━━ Given data

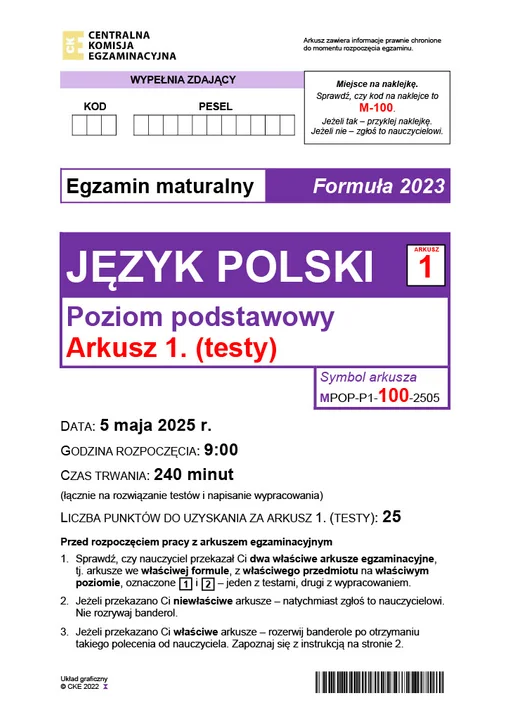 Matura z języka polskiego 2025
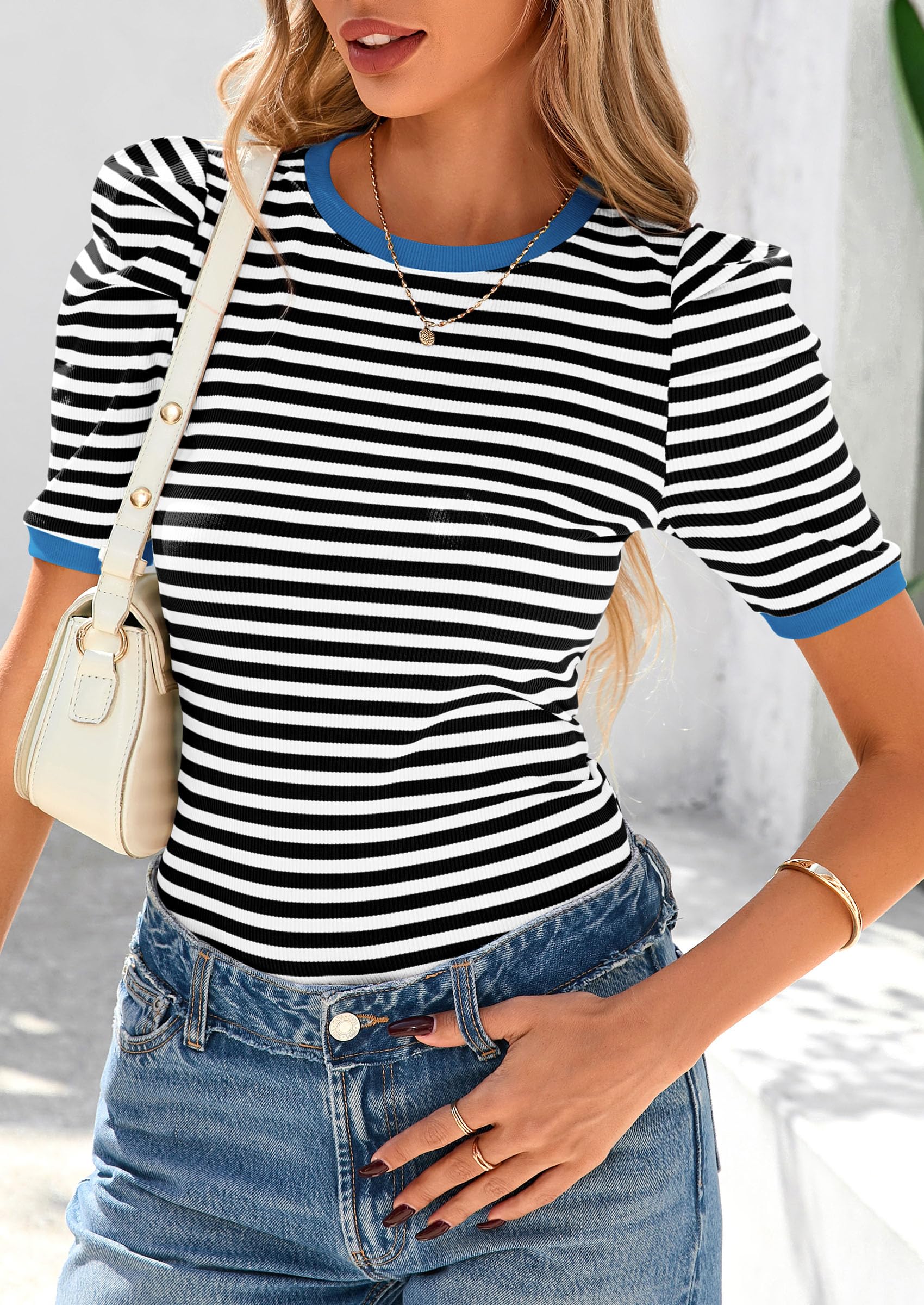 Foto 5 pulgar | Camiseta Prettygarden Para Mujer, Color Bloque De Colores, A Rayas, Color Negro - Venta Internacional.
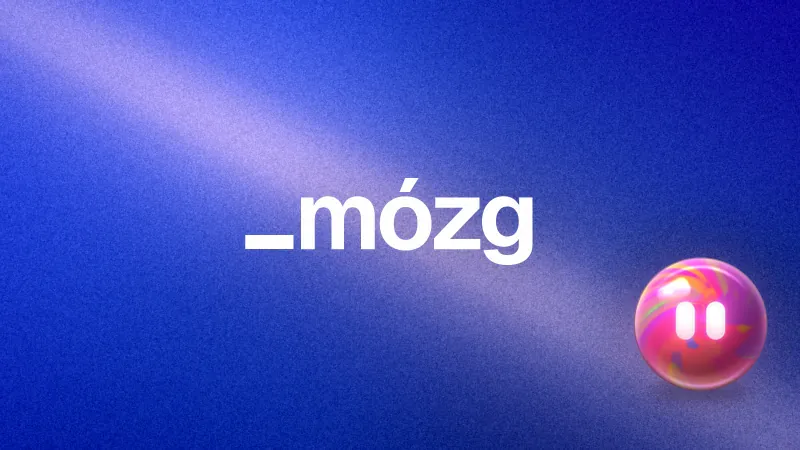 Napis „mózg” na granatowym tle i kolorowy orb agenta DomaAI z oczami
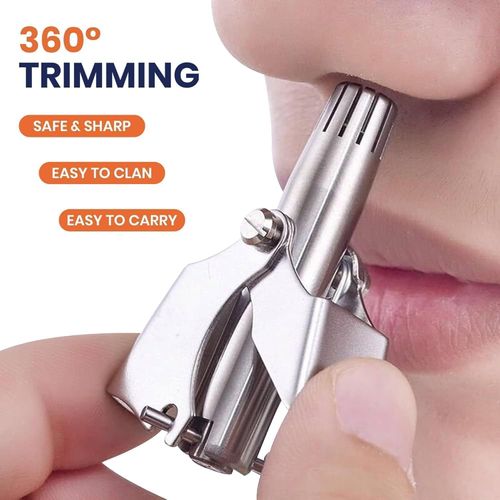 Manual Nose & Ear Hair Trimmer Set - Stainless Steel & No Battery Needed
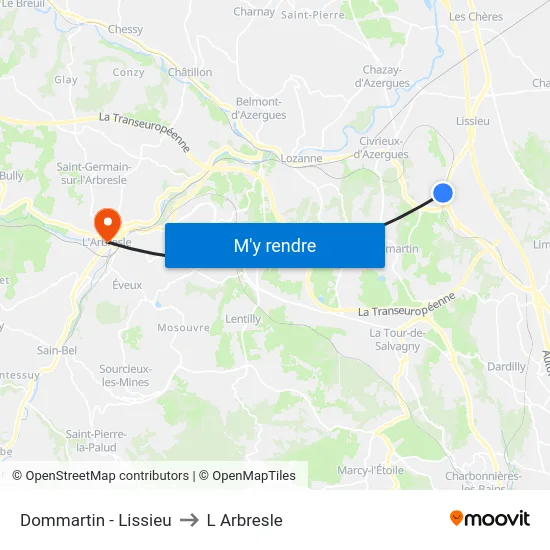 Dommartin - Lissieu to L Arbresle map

━━━━

§ **Work to be completed**: Everything in the records is to be repeated verbatim except the pictures.

§ **Expected answer**:
 Matura z języka polskiego 2025
 Foto 5 pulgar | Camiseta Prettygarden Para Mujer, Color Bloque De Colores, A Rayas, Color Negro - Venta Internacional.
 Napis „mózg” na granatowym tle i kolorowy orb agenta DomaAI z oczami
 Manual Nose & Ear Hair Trimmer Set - Stainless Steel & No Battery Needed
 Dommartin - Lissieu to L Arbresle map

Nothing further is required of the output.